Most of us start preserving food with entry-level recipes such as refrigerator pickles, freezer jams, or simple canned jams. But if you’re looking to up your game, this Canning 101 post is for you. You’ll learn the basic methods to preserve shelf-stable foods stored in your kitchen or pantry. Read this guide to canning to become more confident and successful with your homesteading journey!
Why I Love Canning
I love preserving the food we raise and grow! We use fermentation, freeze-drying, dehydrating, root cellaring, and, of course, canning! Canning offers a wonderful way to stock your pantry or to give delicious and heartfelt homemade gifts.
When you start canning, it’s easy to be tempted to recreate the grocery store in your pantry. Sure, it’s a nice idea, but canning takes time and work, especially when you do it on a large scale.
I have learned to carefully and thoughtfully plan which foods I’m going to can. I love canning what I call convenience foods that make it possible to get three homemade meals on the table daily. My pantry shelves are lined with staple ingredients such as canned (raw pack) beef, canned ground beef, canned (raw pack) chicken, vegetables, black beans, jams, specialty fruits, and homemade bone broths.
We find it important that when you’re spending all this energy and time canning something, it will be part of a meal later on. If we can specialty foods that we don’t typically eat, we find it to be more or less a waste of time.
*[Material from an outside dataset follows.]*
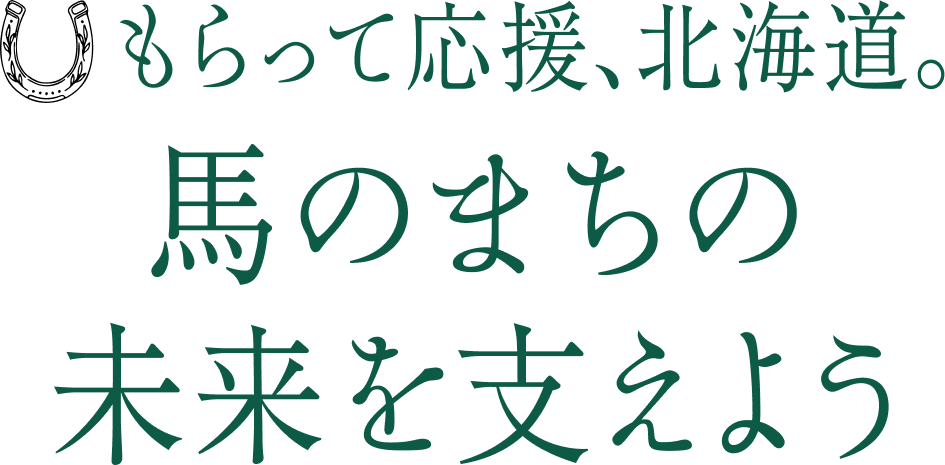 もらって応援、北海道。 馬のまちの未来を支えよう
We find this approach to canning adds to our lives by saving money on groceries and time in the long run. It’s worth taking the time to run the pressure canner to preserve the foods we worked so hard to raise and grow.
What Is Canning
In straightforward terms, canning means putting food inside a jar, closing the lid on that jar, and processing that jar of food with heat to sterilize or pasteurize everything. The lid is vacuum-sealed during that process, and the food becomes shelf-stable.
When complete, you have a pasteurized, vacuum-sealed product that can sit in the pantry for a year or two (or longer), depending on what it is.
History of Canning
The history of canning starts with Napoleon, surprisingly! The methods of food preservation back then didn’t travel well. You couldn’t just take your ferments or root cellared food when exploring or marching to overtake a country.
Napoleon realized that this was a massive weakness in his battle strategy. So, in 1795, he advertised a contest to develop food preservation that would allow him to move food with his troops or to his troops during battle.
It took 15 years, but in the early 1800s, a Frenchman (Nicolas François Appert) developed an early version of what we know as modern canning today. Back then, standardized glass production, among other things, didn’t exist, making it next to impossible to can food at home.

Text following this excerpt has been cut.